I thought you were all for representing things in the DB as much as 
possible.  I certainly am.

>
> And the implication of the second is that we need to support simple
> web-based clients. That's easy.
>
> I prefer and suggest a real server. If we can't let everyone in the
> world talk to it, tough nuggies. On the other hand, lots of people are
> working on interoperability -- I bet we can steal something. But I want
> a real programming language and tested/standardized/accepted components
> that I can use without having to do it myself. Enterprise people have
> being doing this for years; let's gain something from that fact.

A real programming language?  Standardized/tested/accepted components?  
By whom?
Enterprise people?
:)
I know its poison to your ears, but interoperability is achieved in the 
Enterprise using "real" programming languages like VBA, and tools like 
Excel, and SpotFire, and such things.

I am not advocating being everything to everyone.  I am simply 
advocating that we don't close off interfaces we already have.  
Anything else is wide open.  Go nuts, man!

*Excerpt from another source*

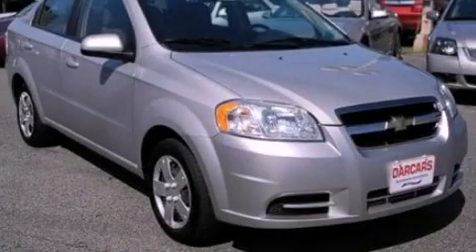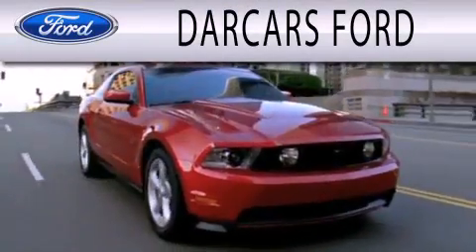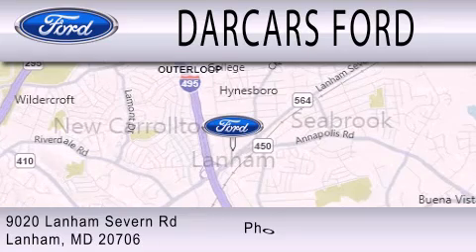Contact us today and schedule your opportunity to see this vehicle in person. Darkars Ford is dedicated to doing everything possible to ensure that the experience you have selecting your next vehicle is as pleasant as possible. We are located at 9020 Lanham Severn Road in Lanham.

>>> They're actually polling, aren't they?  The server doesn't notify the
>>> client that its time to refresh.  The client just does a refresh at 
>>> some
>>> point, and either it gets new data or it doesn't (i.e. polling).
>
> No. JMS is (can be) notification. You say "tell me about X" and it 
> tells
> you. No polling. Pubsub.

Right, I was talking about Harry's 1,2,3, but you were talking about 
the Java stuff.  Sorry.

>>> When we've asked these questions before, we've pretty consistently
>>> decided in favor of polling.  If you look around the web, that's 
>>> pretty
>>> much what everyone else decided as well.  Various forms of "push" 
>>> have
>>> sprouted up before and quickly died.  RSS readers are all universally
>>> polling.  Some of the news web-sites I visit do timed refresh, but
>>> that's just polling again.  Real notification over a stateless 
>>> protocol
>>> (like HTTP) would require the client to implement a server so that 
>>> the
>>> "real" server could issue requests on it, saying "Hey, time to
>>> update!".  There are a great many issues with a server initiating
>>> requests to a client machine.
>
> We all know what a fan I am of the W3C, but OME isn't (doesn't have to
> be) the web. That's really a side point. Chris will talk about ICE and
> I'll talk about J2EE, basically we're talking about typical systems 
> very
> different from the web (though a part of it) which make systems like
> ours work well.

And five or six years ago we were all talking about CORBA.  Its all 
good, and I'm all for it.  I just want a real simple way in and out 
without all the overhead.  Not instead of, but in addition to.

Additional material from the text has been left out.